The GPU elastic container product designed specifically for **AI inference**. You only need to specify the container image address and make slight configurations according to your business scenarios to quickly deploy an AI inference service.

## Features

* With the capability of **elastic scaling**, it automatically scales up during peak business traffic and scales down during low traffic periods, ensuring service stability while saving costs as much as possible;
* Built-in efficient **load balancing** ensures that request loads are evenly distributed to each GPU container instance;
* Billing is **accurate to the second**, charging only for the actual running time of the GPU container instances;
* Through technologies such as GPU container instance reservation, image preheating, and high-performance hardware, it can achieve **second-level cold-start**, easily handling traffic peaks;
* Complete **log panel** supports querying real-time log streams, helping you quickly identify and resolve potential issues.

## Terminology

* **Container Image Address**: Refers to the Docker container image address, currently supporting **"public image"** and **"private image"**.
* **Serverless Endpoint**: Represents a GPU elastic container instance.
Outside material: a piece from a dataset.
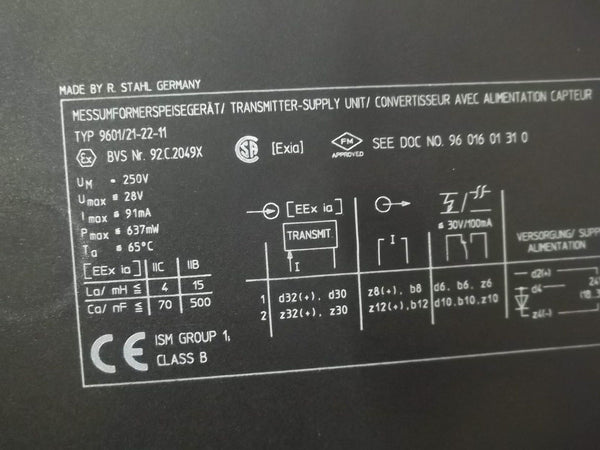 STAHL ICS1000 TYPE 9601/21-22-11 BOARD NSMP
It includes components such as **worker**, **load balancer**, and **elastic scaler**.
* **Worker**: A GPU container instance used by the serverless endpoint to handle specific requests. One Worker corresponds to one GPU container instance.
* **Scale Policy**: Used to control the logic of automatically scaling up during traffic peaks and scaling down during low traffic periods.
* **Health Check Path**: The built-in load balancer performs health checks through this path, determining whether to forward requests to the Worker based on whether the returned status code is `200`.